Imre Jonk:
On Tue, Nov 09, 2021 at 06:25:31AM -0500, John Csuti via tor-relays wrote:
Hello all,
I would have to agree on this it appears that the DNS failure timeout is too low. I have more then enough bandwidth to host tor exit nodes, and my own unbound full recursive relay and yet i still get the timeout message 1-1.5%. Sometimes even weird amounts such as 40-50%.
I have been working with a few people on this issue and nothing we have tried has fixed this. The other thing is that all other servers i run have no issue with DNS timeouts. It appears to only be a TOR issue. I would even say that some DNS queries that TOR makes are to taken down sites, fake sites or non-existent domains.
I've been scratching my head with this as well. My exit family is shown as overloaded on Tor Metrics [1]. All four instances run on one OpenBSD box with ~50% CPU utilization. I've tried a local Unbound resolver as well as the resolver provided by my colocation network, but the Tor log and the metrics port keep showing ~1.5% DNS timeouts. I myself don't notice any DNS issues, but I'm not actively monitoring it. The metrics port and Tor log don't show any other issues besides DNS timeouts.
I don't know what the default OpenBSD DNS timeout is. It's not configurable in /etc/resolv.conf, nor is it described in its man page. My own testing shows that an nslookup timeout takes 15 seconds.
Should I just ignore Tor Metrics saying that my relay is overloaded and the Tor log saying that the DNS timeouts are above threshold? I understand that DNS issues are really bad for UX so I want to fix this if possible.
If the overload is related to non-DNS issues, please address it. For the DNS case it is currently a bit tricky. We are actively investigating what is going on and suspect we are dealing with a bunch of different issues leading to the DNS timeouts you and others are seeing.

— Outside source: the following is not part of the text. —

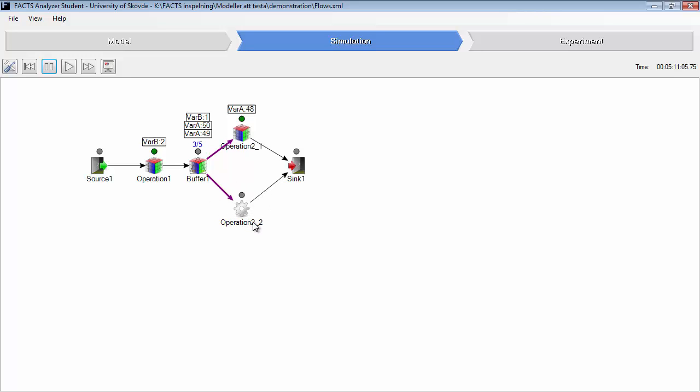Operation 2.2 is only producing variant B and operation 2.1 is only producing variant A. So why not transport this part to operation 2.2? The reason for that is that the buffer is limited. It will only transport parts in a FIFO order.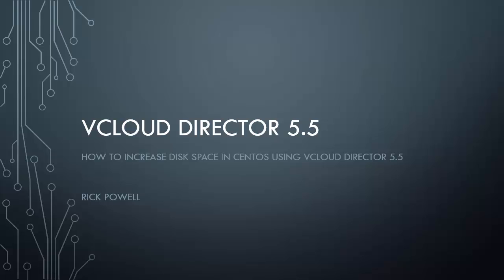Welcome to vCloud Director 5.5 Tutorials. My name is Rick Powell, and in this video, we're going to walk through the process of increasing the disk space within a CentOS VM using vCloud Director 5.5.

E.g. there might still be bugs in our code and there is probably blacklisting of DNS requests stemming from Tor related IP addresses involved and likely things we do not fully understand yet.
So, I think until we got down to the root(s) of the DNS timeout problem and have a clear understanding about what is going on and how to fix things I'd say please ignore the problem for now. We heard that having the local resolver using non-Tor IP addresses does make a difference timeout-wise[1] which seems related to the Tor-IP-addresses-getting-blocked-at-DNS-level angle I mentioned above. Thus, you could set up that if you have not already.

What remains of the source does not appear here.